I'm just looking forward to porting it to D7 so I can actually use it.
Comment #48
Mikey Bunny CreditAttribution: Mikey Bunny commentedThe D7 help is great news. The latest D7s won't install for me at present - there's an outstanding issue about it somewhere.
If your going to find this module useful I think that you may love my next one. I know that is it something driving sys admins and developers on large scale Drupal projects mad everywhere that I have worked at so far.
MB
Comment #49
Mikey Bunny CreditAttribution: Mikey Bunny commentedApologies for the extended delay, my machine trashed itself when it ran out of disk space and then I got very ill for a few weeks. With the exception of the update below I have made the suggested changes and updates with a few minor modification.

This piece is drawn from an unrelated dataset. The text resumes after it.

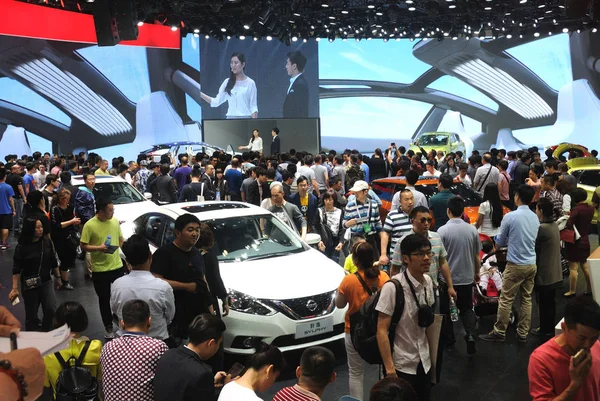 Visitantes Lotam Estande Nissan Durante 14Th Beijing International Automotive Exhibition — Fotografia de Stock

This code is generated by a views export. If it is modified to use the l() function then the view's "[ip]" token replacement will not work as the l() function will replace the square brackets with their html encoded entities.
Comment #50
pillarsdotnet CreditAttribution: pillarsdotnet commentedFile a bug against views; the export is wrong. At the very least, you should prefix the path with
base_path()
. If you don't, and someone has Drupal installed in a subdirectory of the web root, all your links will be broken.I'll test the rest soon.
Comment #51
pillarsdotnet CreditAttribution: pillarsdotnet commentedAccording to the guidelines on Process redesign, we probably should have approved this long ago.
Comment #52
gregglesThe installation instructions could use some more text about going to admin > setttings > honeytrap.
Module looks great to me as well. I was concerned about XSS via the browser user agent or IP or comment, but your views handlers are filtering the data. Well done!
Thanks for your contribution, Mikey Bunny! Welcome to the community of project contributors on drupal.org.
I've granted you the git vetted user role which will let you promote this to a full project and also create new projects as either sandbox or "full" projects depending on which you feel is best.
Thanks, also, for your patience with the review process. Anyone is welcome to participate in the review process. Please consider reviewing other projects that are pending review. I encourage you to learn more about that process and join the group of reviewers.
Comment #53
Mikey Bunny CreditAttribution: Mikey Bunny commentedThanks greggles that's excellent news and thank you everyone that helped, especially you pillarsdotnet. I will cut an alpha release just as soon as I work out how to do it.
Comment #53.0
Mikey Bunny CreditAttribution: Mikey Bunny commentedCorrected description formatting issues.
Comment #54.0
(not verified) CreditAttribution: commentedUpdated download location with full project url.